Aryeh Neier, Defending My Enemy: Skokie and the Legacy of Free Speech in America (New York: The New Press, September 23, 2025). Softcover: $17.99. 186pp. ISBN: 978-1-62097-991-4.
****
“A new edition of the most important free speech book of the past halfcentury, with a new essay by the author on the ensuing fifty years of First Amendment controversies. When Nazis wanted to express their right to free speech in 1977 by marching through Skokie, Illinois—a town with a large population of Holocaust survivors—Aryeh Neier, then the national director of the ACLU and himself a Holocaust survivor—came to the Nazis’ defense. Explaining what many saw as a despicable bridge too far for the First Amendment, Neier spelled out his thoughts about free speech in his 1979 book Defending My Enemy. Now, nearly fifty years later, Neier revisits the topic of free speech in a volume that includes his original essay along with an extended new piece addressing some of the most controversial free speech issues of the past halfcentury.
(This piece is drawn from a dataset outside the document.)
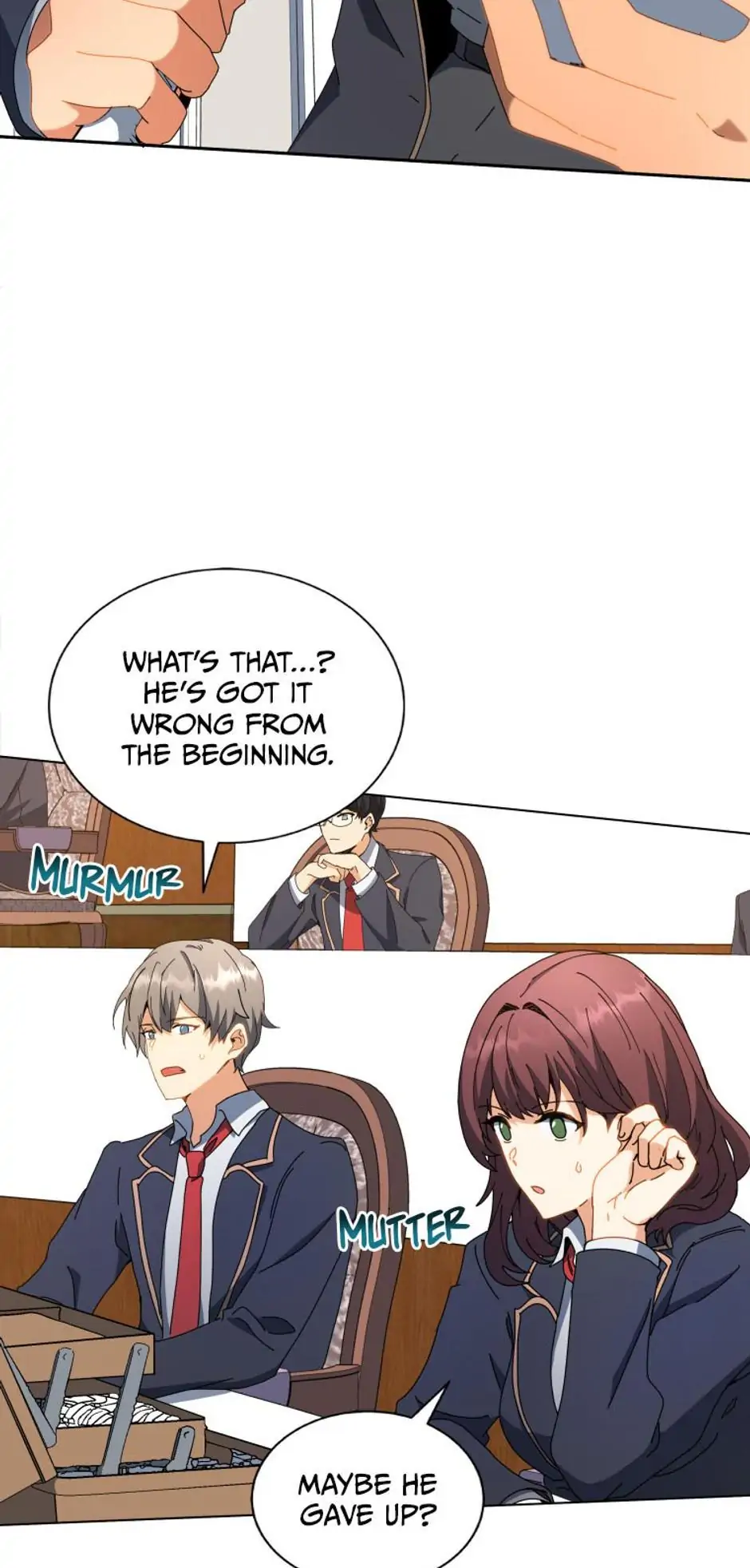 Necromancer Academy and the Genius Summoner chapter 12 page 35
Touching on hotbutton First Amendment topics currently in play, the second half of the book includes First Amendment analysis of the ‘Unite the Right’ march in Charlotteville, campus protest over the Israel/Gaza war, book banning, trigger warnings, rightwing hate speech, the heckler’s veto, and the recent attempts by public figures including Donald Trump to overturn the longstanding Sullivan v. The New York Times precedent shielding the media from libel claims…’”
I looked for the references to proposed edits to Sullivan first: apparently two Supreme Court justices have been philosophizing about ending press-freedom, after Trump has been winning cases such as the $15 million settlement over Stephanopoulos stating what he was found guilty of as “rape” as opposed to “sexual abuse”. Trump also since won a case against the editing of his competitor’s interview, and other absurd cases that are “inconceivable”, if these cases went through court under Sullivan rules. These are troubling cases indeed.
As a publisher, I have had a policy of accepting anything within reason under the assumption that writers have a write to state whatever they believe in. There should not be barriers based on what a publisher believes that block contradictory content from breaking into print. If an idea is erroneous, untrue, or malicious; it would logically be rejected by readers or critics. It is important to allow even evil ideas to be voiced because these are confessions of wrongdoing, or wrong-thinking. Knowing what bad things or ideas people are up to is partly what the press is for, as opposed to merely repeating what is known to be good and right.
Banning books such as Uncle Tom’s Cabin (“most widely banned book”) has historically tended to increase sales for whatever is being banned because readers want access to whatever somebody claims they should not have access to.
On the other hand, banning “10,046” books at the school-level does not help sales, and indeed blocks access. Theoretically banning a book without the power to enforce it is different from blocking a book from being taught, or purchased by one of the main book-buyers. Such bans are meant to impact what is allowed into print because publishing is a for-profit business.
On the other hand, apparently inciting-violence is print has been legal since Brandenburg v. Ohio in 1969, as long as it is not likely to “imminently… take place”. This kind of means that if the public’s discontent with the other violations of freedom hit an extreme-point, the only legally-allowed path might be storming DC, since a “coup” has been proven to be legal based on Trump’s pardoning of January 6 rebels (158).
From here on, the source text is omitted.